Barker has run Grass Roots' benefits proposition since she started, with direct responsibility for major accounts like GlaxoSmithKline, BT, Lloyds TSB and Barclays. "I came here with the view that I could only do the role for three days a week," explains Barker, who has two sons, Oliver, 10 and Joseph, now 7. Joseph was a seven-month-old baby when she started.

How did she request this kind of flexibility? "I spoke to Andy Lister, the managing director, before the interview," she explains, "and the company was prepared to interview me on that basis."

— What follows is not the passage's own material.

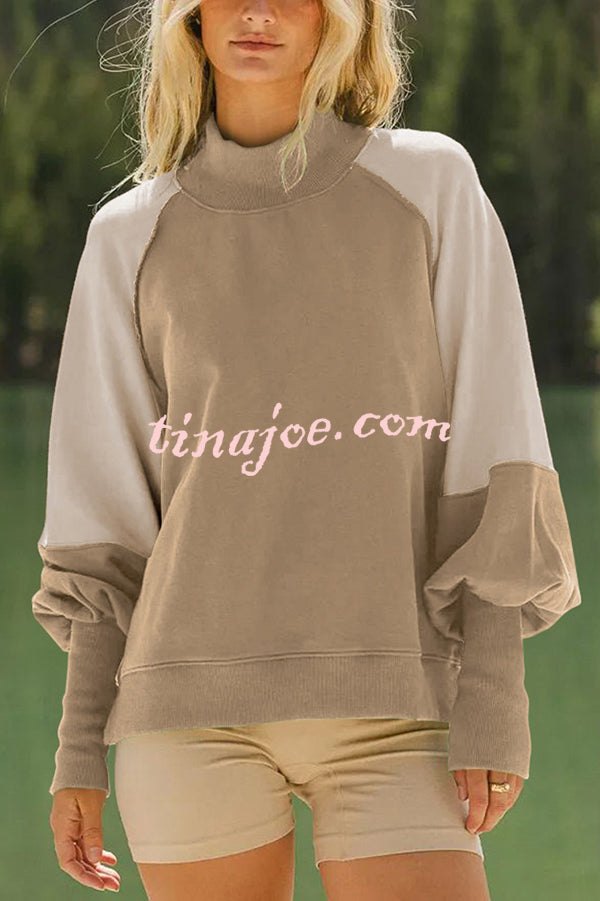 Fashionable Contrast Color Stitching Long Sleeve Loose Sweatshirt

Barker was employed for 15 years at NatWest in various HR-related roles and worked a three-day week after Oliver was born. (The Grass Roots job in Tring was ideal because she didn't want to continue the commute from Bedfordshire to NatWest's central London base). "Grass Roots is very reasonable," she says. "I work nine to five on Wednesday and 10 to six the other two days, so I can take the children to school."

What do the rest of the staff think of her arrangement? "They know I'm available if anyone needs me; if it's urgent I'm always contactable," she stresses. "We didn't have any clients at all when I first started, so all the clients I've ever worked with are aware of my flexible arrangements."

She believes the benefit of flexible working to the business is usually improved performance. "A lot of the time, they'll probably get more out of a person working part time." Essentially, she feels her arrangement works because there is flexibility on both sides. "Grass Roots is good in that respect," she says. "But I'm aware that a lot of employers are not like that."

ANDY LISTER, managing director, Grass Roots

Lister says that flexible working is about the person not the role: Grass Roots tends to judge each individual case on its merits. "That's been our approach here, mainly because we are a customer-facing business and many of our customers work flexible hours too. Large corporates have a fairly flexible approach to working - and they empathise with us in allowing people to work in this way. They understand that maybe their contact isn't going to be there every day of the week - but will do the job to the best of their ability when they are there."

The benefit, he points out, is that the organisation attracts and retains talent. "People like Julie are a benchmark for others in senior roles who work flexibly," he adds.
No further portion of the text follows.